4.2    De voorzitter overweegt dat de klacht ziet op verweerders brief van 26 januari 2024. Klager is het – kort gezegd – niet eens met die brief en het daarin opgenomen standpunt van O. Hij lijkt daarbij verweerder (deels) te vereenzelvigen met O. Verweerder heeft echter, als advocaat van O, het standpunt van zijn cliënt op zakelijke wijze verwoord. Als partijdig belangenbehartiger is dat verweerders taak. Dat klager het niet eens is met dit standpunt, is inherent aan het feit dat er een geschil is tussen O en klager. Uiteindelijk is het aan een civiele rechter om te oordelen over het onderliggende geschil en de standpunten van de cliënt van verweerder tegen die van klager af te wegen. 
4.3    Het is de voorzitter op grond van het klachtdossier niet gebleken dat verweerder onjuist of onzorgvuldig heeft gehandeld of anderszins klagers belangen nodeloos heeft geschaad. Klager maakt verweerder forse verwijten, maar laat na concreet te onderbouwen waarom verweerder onjuist of onzorgvuldig heeft gehandeld. De klacht is kennelijk ongegrond.

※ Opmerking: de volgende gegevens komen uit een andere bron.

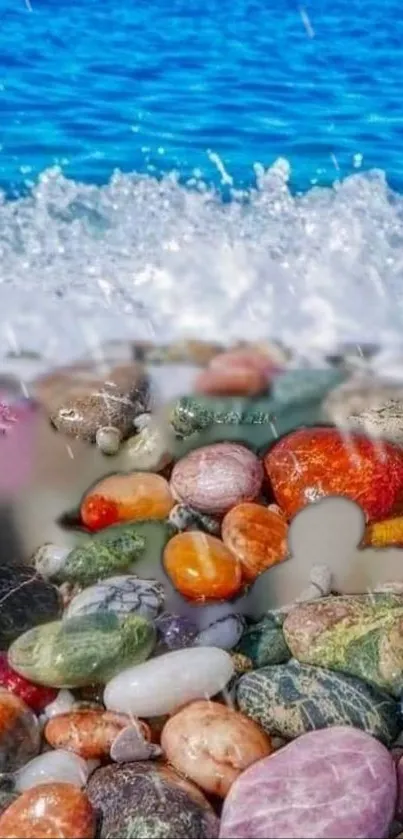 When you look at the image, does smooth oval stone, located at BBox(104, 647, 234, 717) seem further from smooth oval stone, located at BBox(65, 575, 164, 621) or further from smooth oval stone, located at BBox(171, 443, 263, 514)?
smooth oval stone, located at BBox(171, 443, 263, 514)

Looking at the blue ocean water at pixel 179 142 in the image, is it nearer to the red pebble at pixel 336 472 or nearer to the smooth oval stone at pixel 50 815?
the red pebble at pixel 336 472

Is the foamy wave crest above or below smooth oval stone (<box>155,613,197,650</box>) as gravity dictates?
below

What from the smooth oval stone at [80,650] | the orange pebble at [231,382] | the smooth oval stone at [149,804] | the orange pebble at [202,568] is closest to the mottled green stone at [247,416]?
the orange pebble at [231,382]

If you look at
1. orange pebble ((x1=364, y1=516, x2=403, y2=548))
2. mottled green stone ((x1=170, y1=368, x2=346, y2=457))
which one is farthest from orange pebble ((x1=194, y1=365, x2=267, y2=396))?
orange pebble ((x1=364, y1=516, x2=403, y2=548))

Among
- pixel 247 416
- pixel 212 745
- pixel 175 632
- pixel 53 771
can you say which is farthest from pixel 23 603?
pixel 247 416

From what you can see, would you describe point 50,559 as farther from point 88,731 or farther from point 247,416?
point 247,416

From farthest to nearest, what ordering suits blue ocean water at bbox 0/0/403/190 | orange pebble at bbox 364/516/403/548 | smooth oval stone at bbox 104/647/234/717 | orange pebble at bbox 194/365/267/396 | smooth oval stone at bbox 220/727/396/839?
orange pebble at bbox 194/365/267/396 → blue ocean water at bbox 0/0/403/190 → orange pebble at bbox 364/516/403/548 → smooth oval stone at bbox 104/647/234/717 → smooth oval stone at bbox 220/727/396/839

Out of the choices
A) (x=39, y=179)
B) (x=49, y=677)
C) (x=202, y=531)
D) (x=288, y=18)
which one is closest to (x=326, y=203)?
(x=288, y=18) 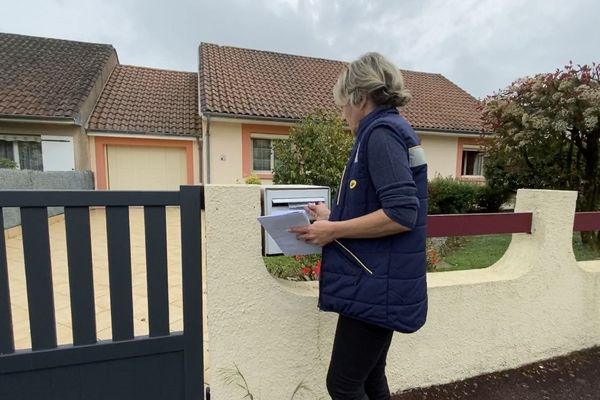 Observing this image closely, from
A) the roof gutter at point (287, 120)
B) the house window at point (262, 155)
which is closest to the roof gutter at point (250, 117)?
the roof gutter at point (287, 120)

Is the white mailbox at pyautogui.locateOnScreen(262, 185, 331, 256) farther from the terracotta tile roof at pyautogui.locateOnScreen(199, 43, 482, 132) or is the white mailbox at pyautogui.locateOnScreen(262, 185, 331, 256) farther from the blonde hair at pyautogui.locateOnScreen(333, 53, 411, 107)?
the terracotta tile roof at pyautogui.locateOnScreen(199, 43, 482, 132)

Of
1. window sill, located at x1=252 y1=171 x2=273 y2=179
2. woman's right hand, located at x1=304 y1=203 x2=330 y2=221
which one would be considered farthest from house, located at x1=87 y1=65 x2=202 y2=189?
woman's right hand, located at x1=304 y1=203 x2=330 y2=221

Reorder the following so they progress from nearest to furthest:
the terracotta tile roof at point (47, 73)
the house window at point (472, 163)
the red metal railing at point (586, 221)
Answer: the red metal railing at point (586, 221), the terracotta tile roof at point (47, 73), the house window at point (472, 163)

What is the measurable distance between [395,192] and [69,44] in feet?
51.0

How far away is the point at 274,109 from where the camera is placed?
1074 centimetres

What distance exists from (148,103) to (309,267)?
10.1 m

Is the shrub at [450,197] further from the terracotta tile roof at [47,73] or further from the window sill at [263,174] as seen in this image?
the terracotta tile roof at [47,73]

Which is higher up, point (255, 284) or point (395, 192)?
point (395, 192)

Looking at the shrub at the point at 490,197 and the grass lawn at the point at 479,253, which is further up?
the shrub at the point at 490,197

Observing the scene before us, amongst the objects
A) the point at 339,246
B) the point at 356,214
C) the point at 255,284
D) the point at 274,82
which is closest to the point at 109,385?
the point at 255,284

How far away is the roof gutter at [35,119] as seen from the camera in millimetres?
9000

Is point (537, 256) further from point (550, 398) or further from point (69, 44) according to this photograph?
point (69, 44)

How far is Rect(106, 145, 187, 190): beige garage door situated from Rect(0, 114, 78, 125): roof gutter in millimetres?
1366

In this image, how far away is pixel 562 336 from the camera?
263 centimetres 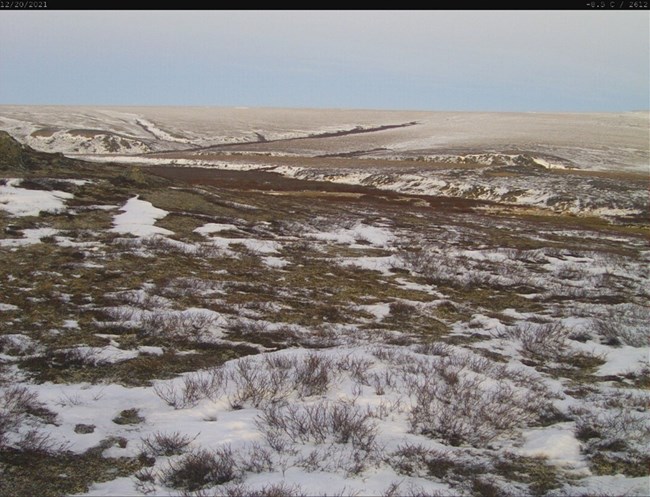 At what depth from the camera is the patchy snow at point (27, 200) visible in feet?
45.7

4.4    Voor de door klager gewenste schadevergoeding is geen ruimte, omdat de klacht kennelijk ongegrond wordt verklaard. Voor een ‘royement’ is daarom evenmin aanleiding. Voor de teruggave van de url dient klager zich tot verweerders cliënt te wenden. 

BESLISSING
De voorzitter verklaart: 
de klacht, met toepassing van artikel 46j Advocatenwet, kennelijk ongegrond.

Aldus beslist door mr. A. van Luijck, plaatsvervangend voorzitter, bijgestaan door mr. C.M. van de Kamp als griffier en uitgesproken in het openbaar op 31 juli 2024.